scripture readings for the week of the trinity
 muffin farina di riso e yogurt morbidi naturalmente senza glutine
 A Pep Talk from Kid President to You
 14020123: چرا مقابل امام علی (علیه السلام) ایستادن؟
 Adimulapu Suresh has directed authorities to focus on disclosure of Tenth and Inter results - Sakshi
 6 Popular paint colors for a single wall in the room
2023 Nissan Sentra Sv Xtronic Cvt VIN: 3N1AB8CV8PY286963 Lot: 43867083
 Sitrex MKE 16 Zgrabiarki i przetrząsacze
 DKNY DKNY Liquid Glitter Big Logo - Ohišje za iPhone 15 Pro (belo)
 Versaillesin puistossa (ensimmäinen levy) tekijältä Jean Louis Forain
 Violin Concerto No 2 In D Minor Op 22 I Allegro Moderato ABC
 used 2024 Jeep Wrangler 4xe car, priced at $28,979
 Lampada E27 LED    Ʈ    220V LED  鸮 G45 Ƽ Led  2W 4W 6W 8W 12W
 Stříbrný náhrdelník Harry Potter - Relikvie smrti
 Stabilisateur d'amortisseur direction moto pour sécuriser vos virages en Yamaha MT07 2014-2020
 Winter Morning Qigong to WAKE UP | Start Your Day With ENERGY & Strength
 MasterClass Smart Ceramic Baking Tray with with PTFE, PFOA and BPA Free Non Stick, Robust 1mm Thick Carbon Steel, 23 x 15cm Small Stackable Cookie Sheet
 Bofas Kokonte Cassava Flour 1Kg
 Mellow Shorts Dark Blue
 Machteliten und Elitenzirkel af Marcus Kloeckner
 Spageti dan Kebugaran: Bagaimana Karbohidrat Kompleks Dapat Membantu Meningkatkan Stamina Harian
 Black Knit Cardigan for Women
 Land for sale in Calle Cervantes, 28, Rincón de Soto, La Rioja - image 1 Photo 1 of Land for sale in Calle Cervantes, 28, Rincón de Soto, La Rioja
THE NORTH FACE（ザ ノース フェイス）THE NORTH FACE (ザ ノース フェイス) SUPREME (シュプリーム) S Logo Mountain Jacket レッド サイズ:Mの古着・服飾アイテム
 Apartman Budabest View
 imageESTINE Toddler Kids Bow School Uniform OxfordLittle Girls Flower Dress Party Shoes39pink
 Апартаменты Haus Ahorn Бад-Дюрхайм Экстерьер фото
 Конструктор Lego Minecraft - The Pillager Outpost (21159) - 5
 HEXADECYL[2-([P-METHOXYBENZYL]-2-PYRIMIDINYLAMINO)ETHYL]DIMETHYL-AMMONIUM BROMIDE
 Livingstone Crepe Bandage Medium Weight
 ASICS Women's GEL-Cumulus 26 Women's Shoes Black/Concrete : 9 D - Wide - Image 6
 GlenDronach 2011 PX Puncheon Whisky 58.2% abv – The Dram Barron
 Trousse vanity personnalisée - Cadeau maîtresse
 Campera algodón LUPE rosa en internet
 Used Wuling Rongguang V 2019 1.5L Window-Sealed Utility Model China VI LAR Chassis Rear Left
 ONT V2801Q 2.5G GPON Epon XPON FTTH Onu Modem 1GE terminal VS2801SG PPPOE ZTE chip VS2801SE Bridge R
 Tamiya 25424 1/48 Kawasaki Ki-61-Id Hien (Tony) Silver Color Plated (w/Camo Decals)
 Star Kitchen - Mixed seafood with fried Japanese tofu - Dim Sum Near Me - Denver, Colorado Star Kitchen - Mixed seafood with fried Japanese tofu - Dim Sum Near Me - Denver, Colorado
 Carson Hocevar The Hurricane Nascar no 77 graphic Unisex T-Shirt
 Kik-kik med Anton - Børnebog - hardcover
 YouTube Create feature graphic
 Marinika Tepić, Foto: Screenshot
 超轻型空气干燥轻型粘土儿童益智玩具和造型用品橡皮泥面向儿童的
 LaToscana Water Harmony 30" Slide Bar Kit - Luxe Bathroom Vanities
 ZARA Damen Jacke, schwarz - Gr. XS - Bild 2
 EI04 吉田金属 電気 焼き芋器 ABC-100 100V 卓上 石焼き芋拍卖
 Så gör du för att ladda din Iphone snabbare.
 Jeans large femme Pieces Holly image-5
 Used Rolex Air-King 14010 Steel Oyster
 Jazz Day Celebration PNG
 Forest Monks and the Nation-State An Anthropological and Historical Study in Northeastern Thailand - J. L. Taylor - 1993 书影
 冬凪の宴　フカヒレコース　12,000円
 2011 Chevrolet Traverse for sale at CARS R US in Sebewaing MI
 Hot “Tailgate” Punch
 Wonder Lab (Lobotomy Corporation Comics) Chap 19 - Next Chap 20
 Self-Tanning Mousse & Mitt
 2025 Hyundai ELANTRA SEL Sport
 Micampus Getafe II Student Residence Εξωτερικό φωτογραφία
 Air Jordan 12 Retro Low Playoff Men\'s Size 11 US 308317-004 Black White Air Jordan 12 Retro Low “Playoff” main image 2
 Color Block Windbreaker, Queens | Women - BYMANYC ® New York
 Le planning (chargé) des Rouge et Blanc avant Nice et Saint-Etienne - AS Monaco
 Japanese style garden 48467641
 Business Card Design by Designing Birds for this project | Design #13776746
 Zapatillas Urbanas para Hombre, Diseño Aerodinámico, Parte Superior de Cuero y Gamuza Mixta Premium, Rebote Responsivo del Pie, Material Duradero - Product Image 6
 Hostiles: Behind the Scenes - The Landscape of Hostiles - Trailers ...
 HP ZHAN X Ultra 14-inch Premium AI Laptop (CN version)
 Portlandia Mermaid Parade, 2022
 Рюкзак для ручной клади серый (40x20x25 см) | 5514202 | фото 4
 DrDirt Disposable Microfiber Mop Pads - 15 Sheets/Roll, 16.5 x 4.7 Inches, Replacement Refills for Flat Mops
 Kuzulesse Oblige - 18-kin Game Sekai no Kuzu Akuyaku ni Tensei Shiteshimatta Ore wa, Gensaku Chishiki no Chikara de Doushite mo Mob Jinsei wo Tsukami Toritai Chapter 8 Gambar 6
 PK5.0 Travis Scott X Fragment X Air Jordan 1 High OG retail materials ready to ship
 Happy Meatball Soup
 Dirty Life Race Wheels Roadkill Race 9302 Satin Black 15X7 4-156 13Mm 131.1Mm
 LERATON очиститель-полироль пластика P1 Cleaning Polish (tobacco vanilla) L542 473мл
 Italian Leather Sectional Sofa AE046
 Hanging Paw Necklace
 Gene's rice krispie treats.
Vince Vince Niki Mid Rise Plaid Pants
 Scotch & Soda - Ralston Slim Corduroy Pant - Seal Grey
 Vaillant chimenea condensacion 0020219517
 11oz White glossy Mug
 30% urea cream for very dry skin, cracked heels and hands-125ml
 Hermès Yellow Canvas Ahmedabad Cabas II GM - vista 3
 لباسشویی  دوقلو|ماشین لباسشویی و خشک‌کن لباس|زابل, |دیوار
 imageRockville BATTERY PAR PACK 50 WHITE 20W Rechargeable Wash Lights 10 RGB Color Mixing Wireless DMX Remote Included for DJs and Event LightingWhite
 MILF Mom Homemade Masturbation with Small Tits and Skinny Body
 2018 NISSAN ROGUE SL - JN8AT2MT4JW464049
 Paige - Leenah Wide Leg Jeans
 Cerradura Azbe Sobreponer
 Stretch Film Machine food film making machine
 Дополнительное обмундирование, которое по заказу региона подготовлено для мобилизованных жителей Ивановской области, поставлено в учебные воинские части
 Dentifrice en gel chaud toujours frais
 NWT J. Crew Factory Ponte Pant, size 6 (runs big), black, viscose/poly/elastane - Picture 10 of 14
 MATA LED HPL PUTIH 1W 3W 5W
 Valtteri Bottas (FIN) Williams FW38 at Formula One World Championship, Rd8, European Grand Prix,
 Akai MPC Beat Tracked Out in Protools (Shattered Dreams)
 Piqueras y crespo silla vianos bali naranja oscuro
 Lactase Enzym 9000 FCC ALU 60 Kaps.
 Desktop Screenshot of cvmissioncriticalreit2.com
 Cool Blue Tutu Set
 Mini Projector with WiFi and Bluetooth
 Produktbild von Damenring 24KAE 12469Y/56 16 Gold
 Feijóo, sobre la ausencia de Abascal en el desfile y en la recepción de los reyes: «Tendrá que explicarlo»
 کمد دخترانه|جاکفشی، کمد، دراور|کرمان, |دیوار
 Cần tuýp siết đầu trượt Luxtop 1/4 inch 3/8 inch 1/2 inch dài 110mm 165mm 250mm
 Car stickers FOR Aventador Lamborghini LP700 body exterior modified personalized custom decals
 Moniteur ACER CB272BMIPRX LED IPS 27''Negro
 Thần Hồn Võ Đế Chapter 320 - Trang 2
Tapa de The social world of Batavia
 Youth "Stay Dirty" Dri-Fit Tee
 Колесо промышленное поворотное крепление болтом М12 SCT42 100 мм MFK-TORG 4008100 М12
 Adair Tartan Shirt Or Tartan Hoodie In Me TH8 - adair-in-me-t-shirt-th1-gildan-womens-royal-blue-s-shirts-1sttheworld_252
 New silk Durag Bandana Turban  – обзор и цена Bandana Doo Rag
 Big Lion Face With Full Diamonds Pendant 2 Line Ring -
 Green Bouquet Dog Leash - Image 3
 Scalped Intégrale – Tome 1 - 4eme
++++++++
▸ TASK INSTRUCTIONS
Please return every line of the records above that contains the word "Wide".

▸ YOUR SOLUTION
 ASICS Women's GEL-Cumulus 26 Women's Shoes Black/Concrete : 9 D - Wide - Image 6
 Paige - Leenah Wide Leg Jeans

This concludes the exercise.